▶ [REQUIRED ACTION]: Output each record below exactly, leaving any picture out of the copy.

[Stored data entries]
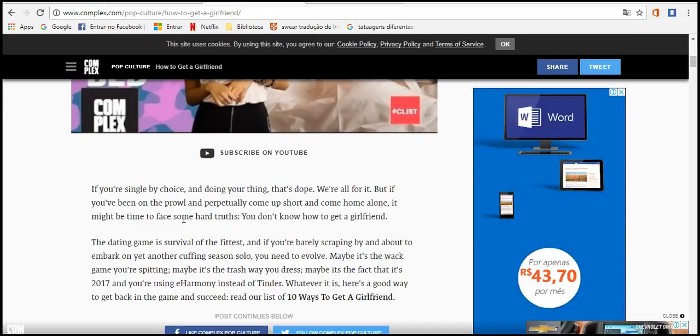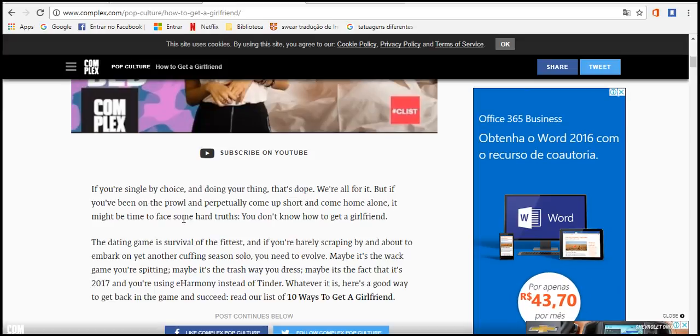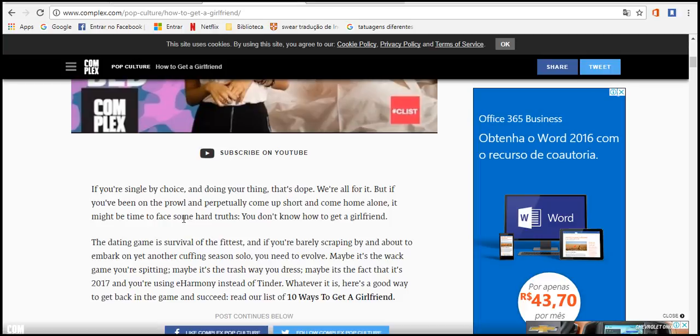In that midnight the time, the faces that some hide the truth. You don't know how to get the girlfriend. The deadly game is to be the first, and if you barely scrabble by, they about to embark on yet another conference session solo. You're not an evil.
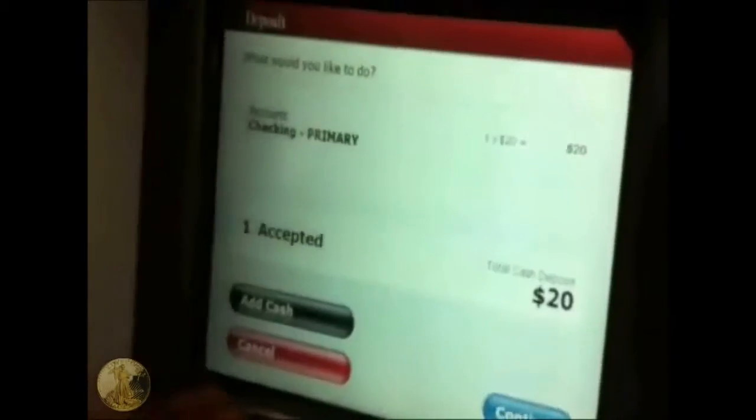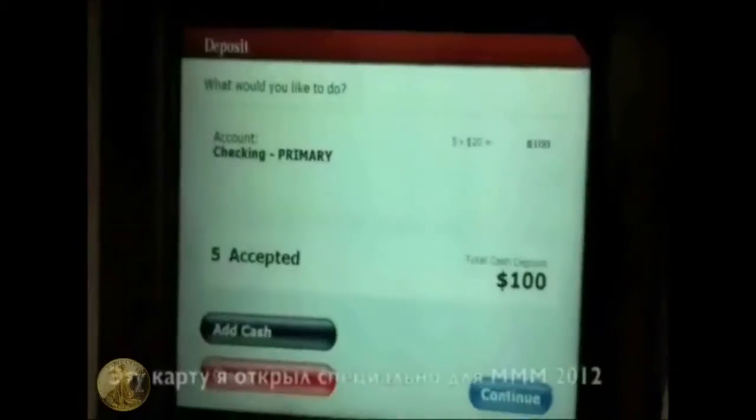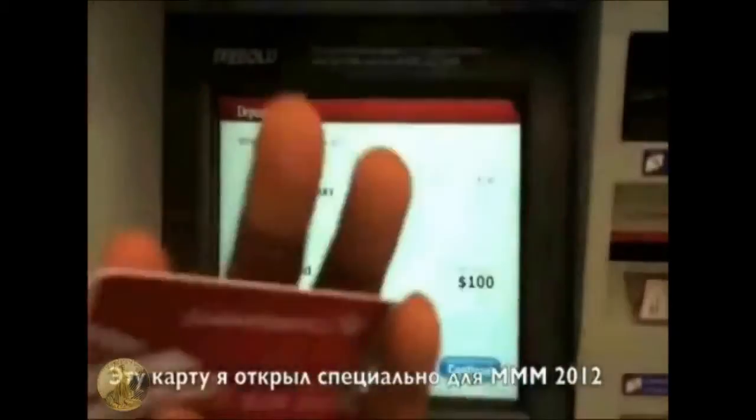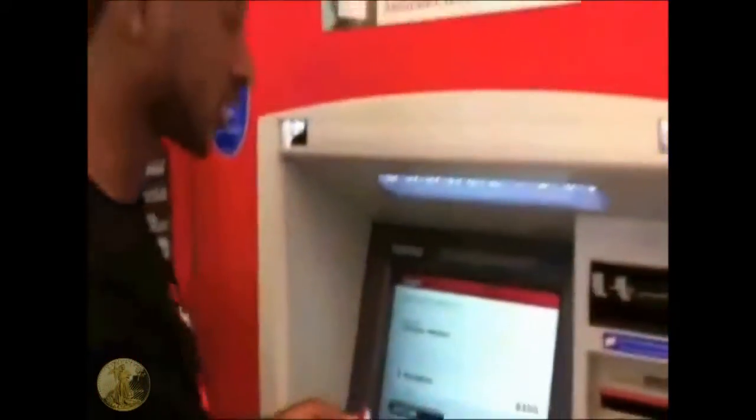Now we should wait, it's processing cash. This account is specially from MMM 2012 — I just opened this account.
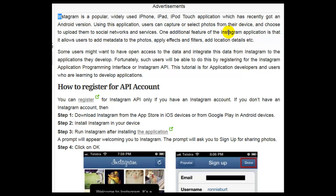One additional feature of the Instagram application is that it allows users to add metadata to the photos, apply effects and filters, add location details, etc. Some users might want to have open access to the data and integrate it from Instagram into the applications they develop. Fortunately, such users will be able to do this by registering for the Instagram Application Programming Interface, or Instagram API.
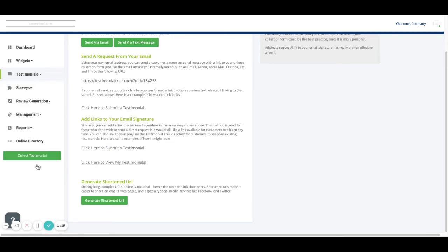You could also choose to put the link that states click here to view my testimonials. This page is actually your online directory page.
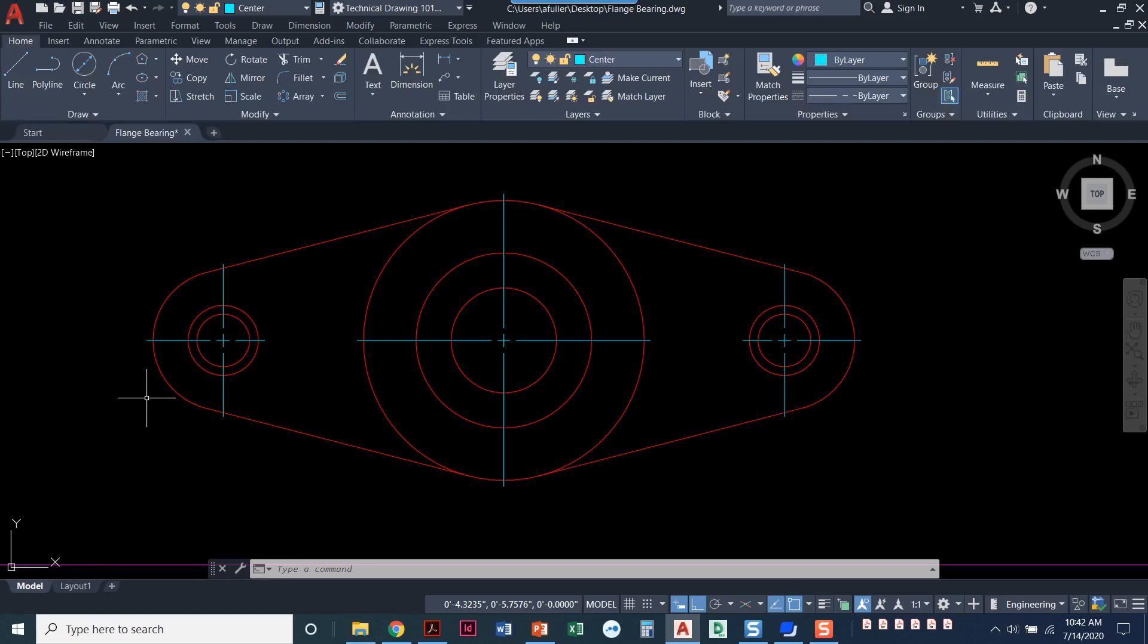So this looks great. Now we're done with the front view. In the next video, I'll walk you through the top view. And in that top view, we're also going to actually see and draw the counterbore and the counterbores and the countersink.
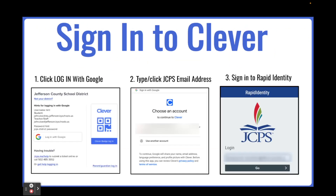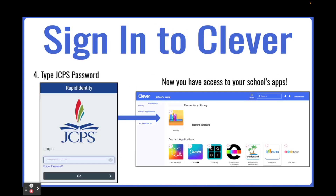From there, they will click on Login with Google, type their JCPS email address, or click on their JCPS email address. They may be prompted to sign in through Rapid Identity with their email address and password.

▶ [ANSWER TO THIS PROBLEM]:
In that midnight the time, the faces that some hide the truth. You don't know how to get the girlfriend. The deadly game is to be the first, and if you barely scrabble by, they about to embark on yet another conference session solo. You're not an evil.
Now we should wait, it's processing cash. This account is specially from MMM 2012 — I just opened this account.
One additional feature of the Instagram application is that it allows users to add metadata to the photos, apply effects and filters, add location details, etc. Some users might want to have open access to the data and integrate it from Instagram into the applications they develop. Fortunately, such users will be able to do this by registering for the Instagram Application Programming Interface, or Instagram API.
You could also choose to put the link that states click here to view my testimonials. This page is actually your online directory page.
So this looks great. Now we're done with the front view. In the next video, I'll walk you through the top view. And in that top view, we're also going to actually see and draw the counterbore and the counterbores and the countersink.
From there, they will click on Login with Google, type their JCPS email address, or click on their JCPS email address. They may be prompted to sign in through Rapid Identity with their email address and password.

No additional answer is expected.